Question

The mean weight of a breed of yearling cattle is 1065 pounds. Suppose that weights of all such animals can be described by the Normal model ​N(1065​,56​). ​a) How many standard deviations from the mean would a steer weighing 1000 pounds​ be? ​b) Which would be more​ unusual, a steer weighing 1000 ​pounds, or one weighing 1250 ​pounds?

Answer 1

Answer:

a)$z=\frac{1000-1065}{56}=-1.16$

And this value means that the weight X=1000 pounds it's 1.6 deviations below the true mean of 1065 pounds

b) $z=\frac{1250-1065}{56}=3.304$

And this value means that the weight X=1250 pounds it's 3.304 deviations above the true mean of 1065 pounds.

So we can cocnlude on this case that the weight of 1250 would me more unusual since represent a value with a more distance respect to the mean than the weight of 1000 pounds.

Step-by-step explanation:

1) Previous concepts

Normal distribution, is a "probability distribution that is symmetric about the mean, showing that data near the mean are more frequent in occurrence than data far from the mean".

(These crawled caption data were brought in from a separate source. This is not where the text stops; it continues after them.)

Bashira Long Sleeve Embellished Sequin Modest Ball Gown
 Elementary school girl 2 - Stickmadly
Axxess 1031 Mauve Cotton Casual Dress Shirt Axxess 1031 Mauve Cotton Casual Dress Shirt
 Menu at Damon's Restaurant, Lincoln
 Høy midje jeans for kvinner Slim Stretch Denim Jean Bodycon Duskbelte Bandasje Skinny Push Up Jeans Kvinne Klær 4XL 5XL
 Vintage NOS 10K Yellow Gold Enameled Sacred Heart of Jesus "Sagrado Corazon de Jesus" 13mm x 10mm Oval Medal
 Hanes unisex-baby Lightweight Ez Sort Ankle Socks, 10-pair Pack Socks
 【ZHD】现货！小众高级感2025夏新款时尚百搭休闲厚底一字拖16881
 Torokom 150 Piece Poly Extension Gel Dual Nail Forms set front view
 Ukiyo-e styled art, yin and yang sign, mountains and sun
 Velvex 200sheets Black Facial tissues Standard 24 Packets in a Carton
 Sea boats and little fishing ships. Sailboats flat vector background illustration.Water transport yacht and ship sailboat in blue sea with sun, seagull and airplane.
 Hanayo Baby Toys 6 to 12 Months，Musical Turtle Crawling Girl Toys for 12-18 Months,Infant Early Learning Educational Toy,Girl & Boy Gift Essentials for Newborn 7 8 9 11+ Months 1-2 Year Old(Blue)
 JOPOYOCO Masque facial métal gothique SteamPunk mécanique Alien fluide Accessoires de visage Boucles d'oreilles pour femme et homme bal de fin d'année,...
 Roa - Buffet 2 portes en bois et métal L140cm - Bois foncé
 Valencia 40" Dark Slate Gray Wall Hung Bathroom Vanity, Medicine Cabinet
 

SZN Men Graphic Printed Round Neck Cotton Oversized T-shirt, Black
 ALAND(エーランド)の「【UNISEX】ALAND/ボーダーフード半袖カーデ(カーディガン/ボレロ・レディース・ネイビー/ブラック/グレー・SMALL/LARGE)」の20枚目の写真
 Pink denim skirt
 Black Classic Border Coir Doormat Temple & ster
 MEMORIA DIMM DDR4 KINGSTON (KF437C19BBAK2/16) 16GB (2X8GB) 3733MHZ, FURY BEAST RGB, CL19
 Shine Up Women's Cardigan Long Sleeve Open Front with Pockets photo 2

The Z-score is "a numerical measurement used in statistics of a value's relationship to the mean (average) of a group of values, measured in terms of standard deviations from the mean".  

2) Part a

Let X the random variable that represent the weights of a breed of yearling cattle of a population, and for this case we know the distribution for X is given by:

$X \sim N(1065,56)$  

Where $\mu=1065$ and $\sigma=56$

And the best way to solve this problem is using the normal standard distribution and the z score given by:

$z=\frac{x-\mu}{\sigma}$

If we find the Z score for the value of X=1000 we got:

$z=\frac{1000-1065}{56}=-1.16$

And this value means that the weight X=1000 pounds it's 1.6 deviations below the true mean of 1065 pounds

3) Part b

For this case if we find the z score for the value of 1250 we got:

$z=\frac{1250-1065}{56}=3.304$

And this value means that the weight X=1250 pounds it's 3.304 deviations above the true mean of 1065 pounds.

So we can cocnlude on this case that the weight of 1250 would me more unusual since represent a value with a more distance respect to the mean than the weight of 1000 pounds.